**PROBLEM STATEMENT**: Please copy exactly the lines from the one containing "Koplamp Links" to the end of the entries, both included, and nothing else. Omit every picture.

◆ ◆ ◆

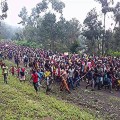 Ethopian Oromo Protest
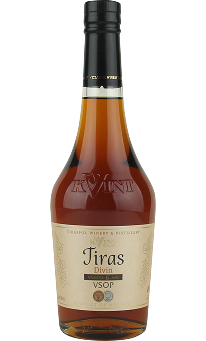 Kvint Tiras, 6 лет, 0.5 л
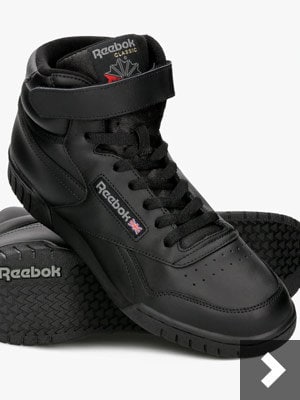 Kolekcje Reebok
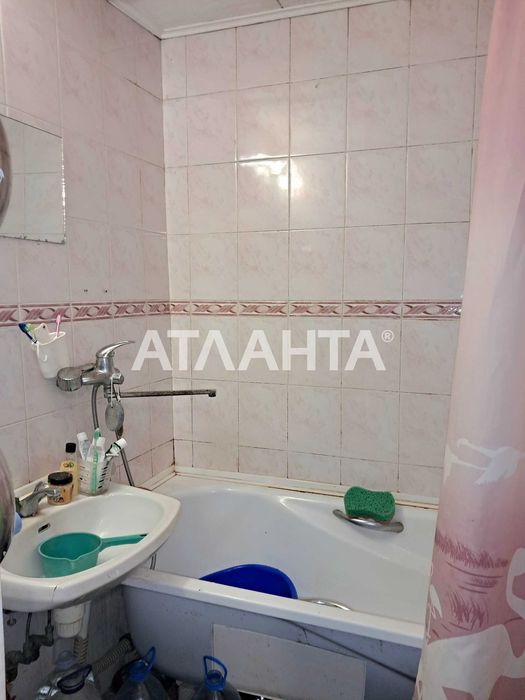 Продам 1кімнатну в районі  Панорами в Одесі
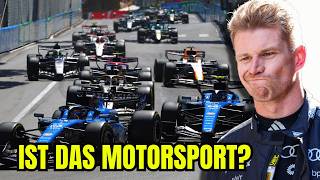 Williams-Blockade: Sollten Teamtaktiken in Monaco verboten werden?
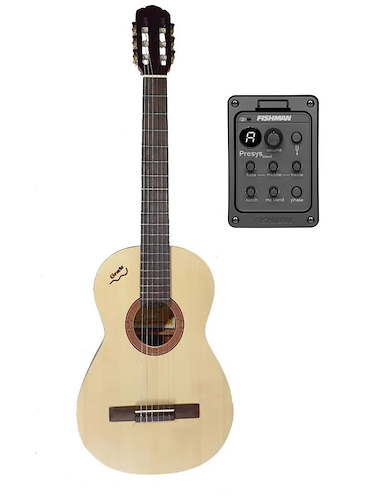 GRACIA CHILL CAOBA FISH - $ 428.884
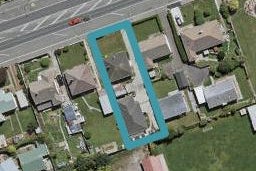 425A Tay Street, Turnbull Thomson Park, Invercargill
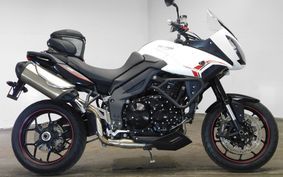 TRIUMPH TIGER SPORTS 1050 2014 G7475F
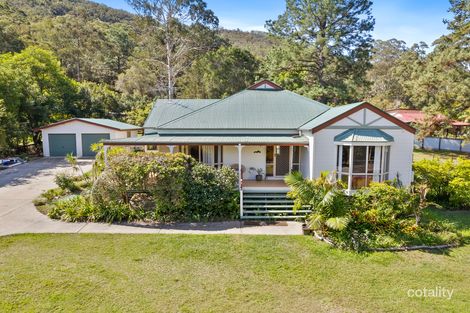Property photo of 81 Lindeman Road Beerwah QLD 4519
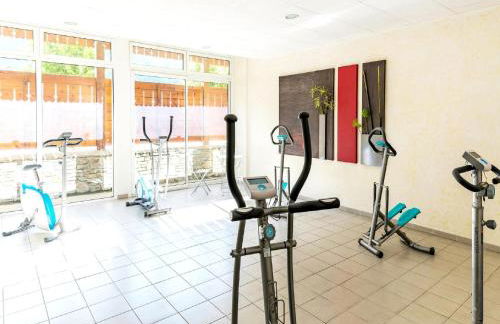 Well-kept apartment in a mountain village - Foto 5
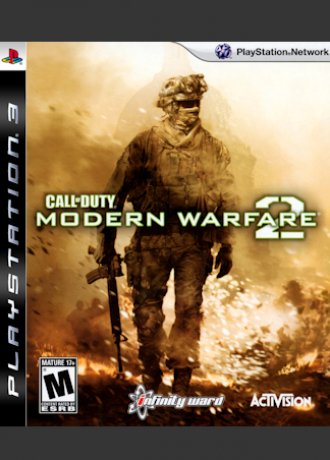 Call of Duty: Modern Warfare 2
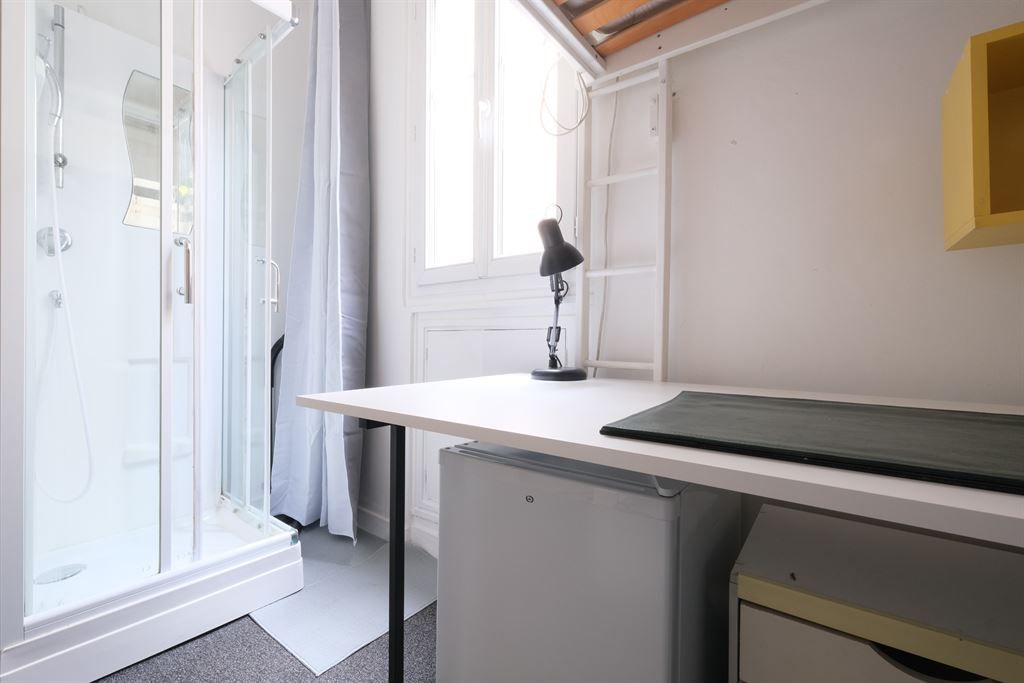 appartement 1 pièce en location sur PARIS (75005)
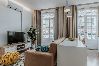 Apartment in Porto - Poetry Luxury House, with A/C Downtown near Metro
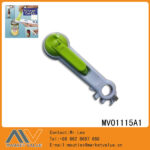 8" Six In One Multifunction Bottle Opener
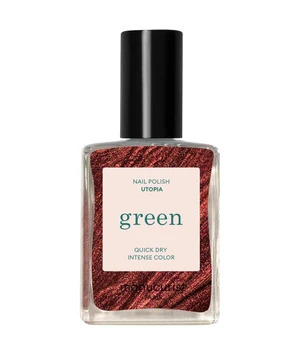 manucurist Green Kynsilakka 15 ml Utopia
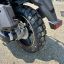 Regulmoto BWX (LJ-3)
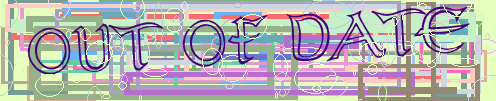 an image containing 5 letters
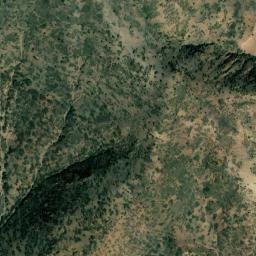 Satellite imagery of Adrar Bibli, MA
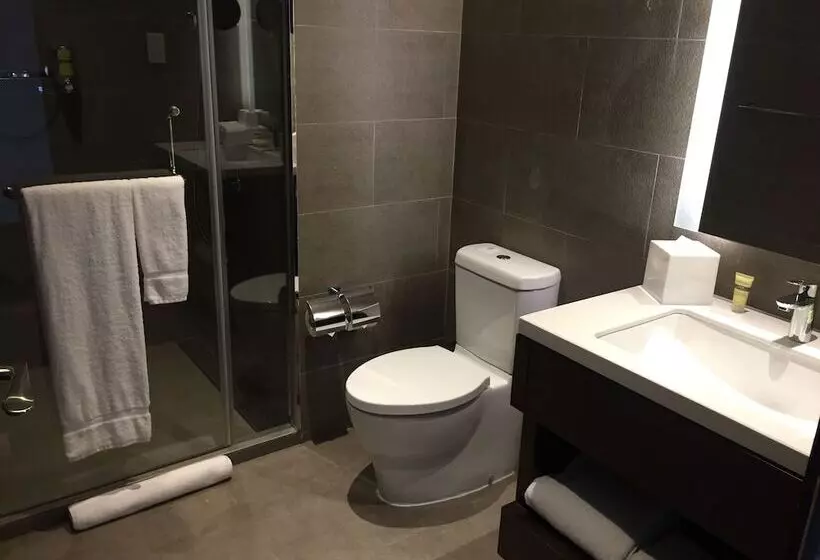 Fotos del hotel Element Foshan Nanhai:  11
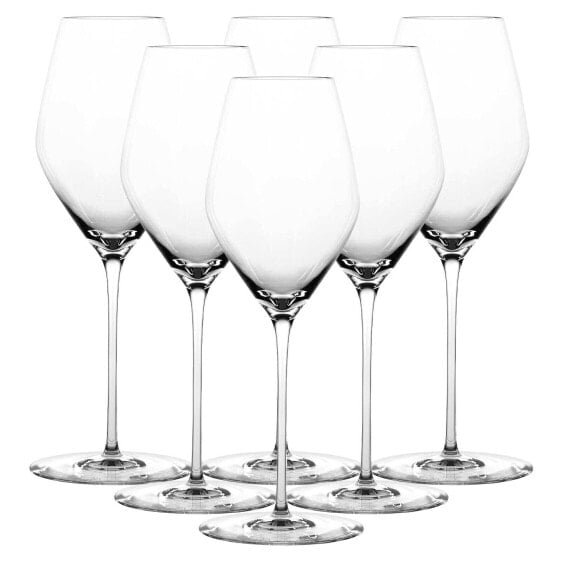 Champagnergläser Hi-Lite 6er Set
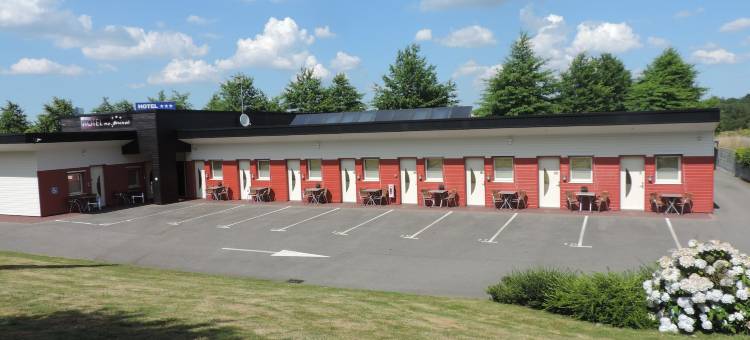 没有米诺酒店(Hotel No Minoé)图片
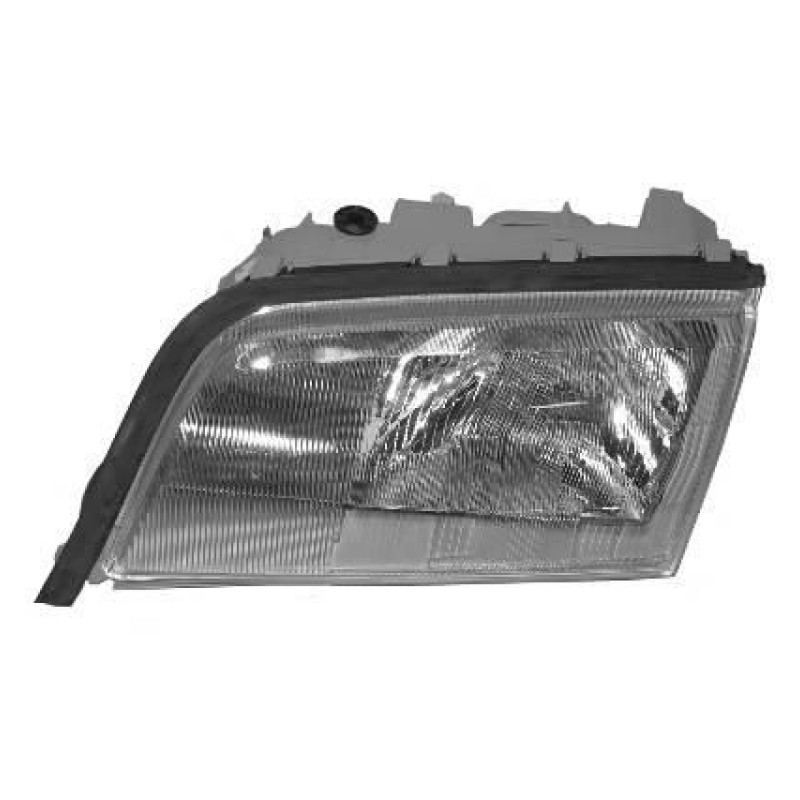 Koplamp Links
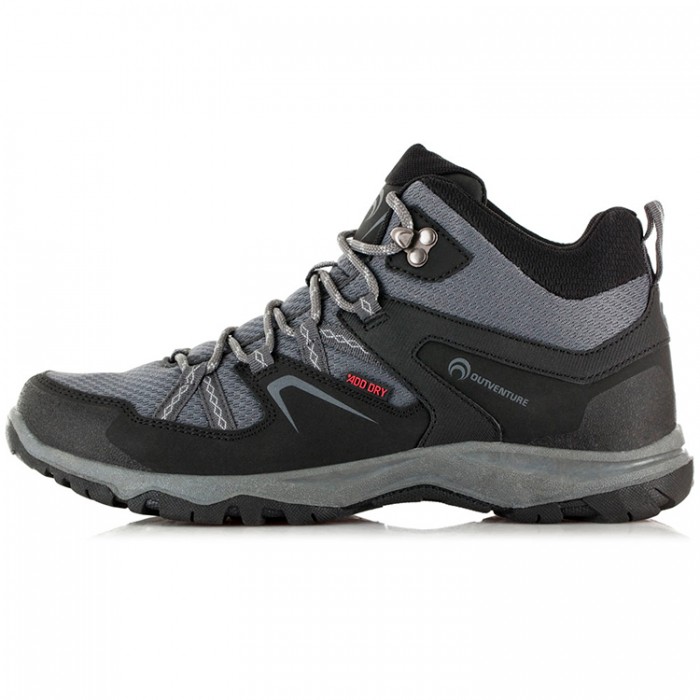 Ghete Outventure Duster Mid A19FOUHI019-BA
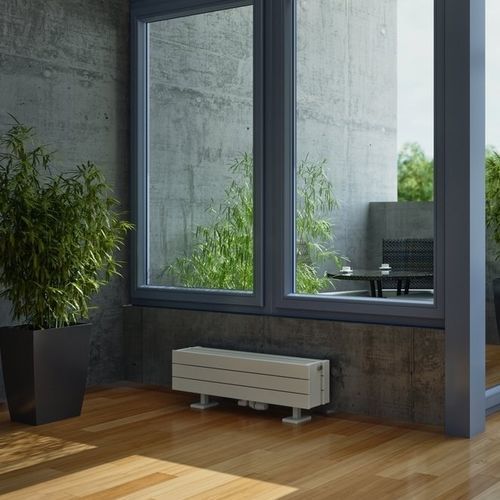 Heißwasser-Heizkörper - KORATHERM K23HM - KORADO, a.s. - 751 w...1000 w / 1001 w...1500 w / 0...500 w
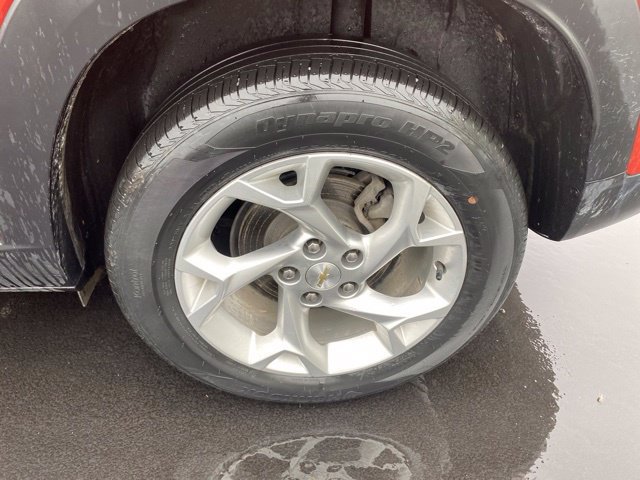 Used 2024 Chevrolet Trax LS w/ LS Convenience Package FWD image 24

◆ ◆ ◆

**ANSWER AREA**:
 Koplamp Links
 Ghete Outventure Duster Mid A19FOUHI019-BA
 Heißwasser-Heizkörper - KORATHERM K23HM - KORADO, a.s. - 751 w...1000 w / 1001 w...1500 w / 0...500 w
 Used 2024 Chevrolet Trax LS w/ LS Convenience Package FWD image 24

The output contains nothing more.